Masalah batas wilayah ini sendiri telah mencuat sejak tahun 2000 dan bahkan sudah ditegaskan melalui Permendagri Nomor 25 Tahun 2005, yang mengatur batas wilayah antara Kota Bontang, Kutim, dan Kukar.
Namun, hingga kini persoalan belum juga menemukan penyelesaian final.
Ardiansyah Sulaiman menyatakan kehadiran Pemkab Kutim dalam mediasi merupakan bentuk sportivitas dalam menjalankan amanat Mahkamah Konstitusi (MK), yang meminta adanya proses klarifikasi melalui mediasi sebelum pengambilan keputusan akhir.
"Meski wilayah yang disengketakan hanya sekitar 164 hektare, tetapi di sana banyak aktivitas warga Kutai Timur. Bahkan warga Bontang yang membuka usaha di sana tidak kami larang, tetapi secara administratif, Kampung Sidrap tetap wilayah Kutim," imbuhnya.
Sementara hasil mediasi belum menghasilkan kesepakatan, Pemprov Kaltim menyatakan akan melakukan survei langsung ke lapangan untuk memverifikasi kondisi terkini di Kampung Sidrap, yang akan menjadi bahan pertimbangan pengambilan keputusan final.
Sikap Pemkot Bontang
Wakil Walikota Bontang Agus Haris saat dihubungi mengungkapkan mediasi ini adalah langkah yang disarankan oleh Mahkamah Konstitusi (MK).

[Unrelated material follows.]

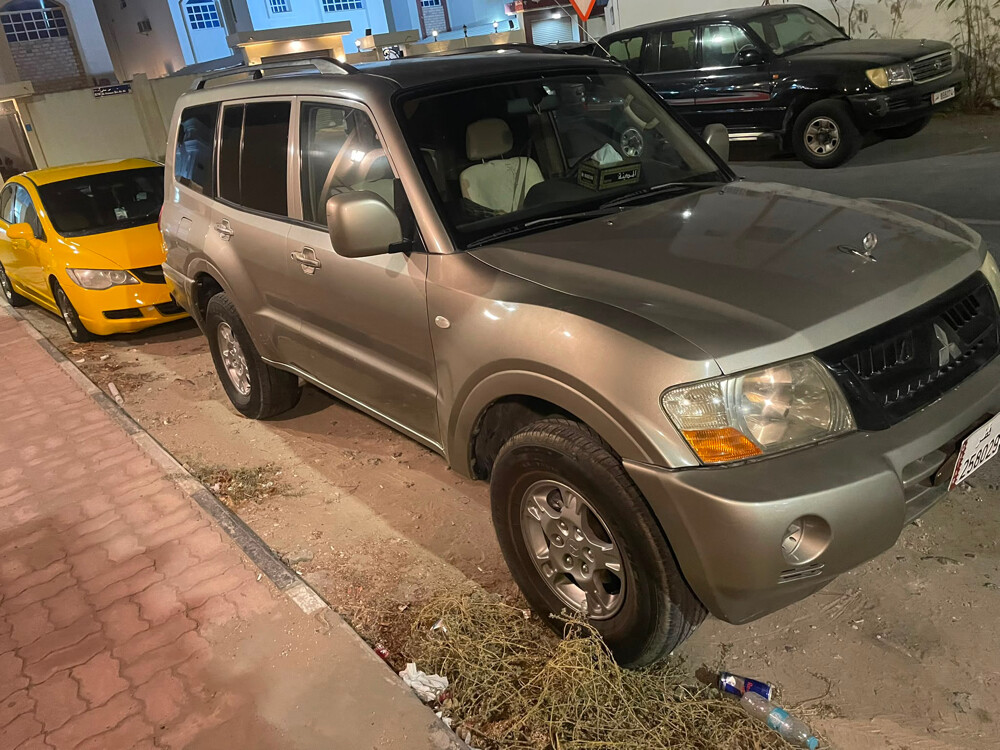 pajero scarp spareparts parts - 2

Faktanya, Kutai Timur enggan menyerahkan Kampung Sidrap, kata Agus, walaupun secara geografis Kampung Sidrap berada sangat dekat dengan wilayah Kota Bontang.
“Kutai Timur tetap menolak Kampung Sidrap masuk ke Bontang,” ungkapnya kepada TribunKaltim.co, Jumat (1/8/2025).
Penolakan itu disampaikan langsung oleh Bupati Kutim, Ardiansyah Sulaiman, dalam forum.
“Kami bisa memahami, karena mereka punya agenda pembentukan desa baru. Tapi kami juga tidak bisa abaikan aspirasi warga tujuh RT di Kampung Sidrap yang ingin masuk Bontang,” ujarnya.
Meski demikian Agus Haris mengkritik pemaparan Kutai Timur yang dinilainya tidak menyentuh akar persoalan.
“Yang dijelaskan hanya program umum Desa Martadinata. Padahal yang dipersoalkan tujuh RT di Kampung Sidrap. Seharusnya bicara fakta lapangan, bukan manipulasi data,” ucapnya.
Pemkot Bontang sendiri, kata dia, menyampaikan video testimoni warga dan menyerahkan data pendukung ke Mahkamah Konstitusi (MK).
“Kalau dari dulu Kutai Timur serius seperti ini, mungkin persoalan ini tidak berlarut sampai puluhan tahun,” tandasnya.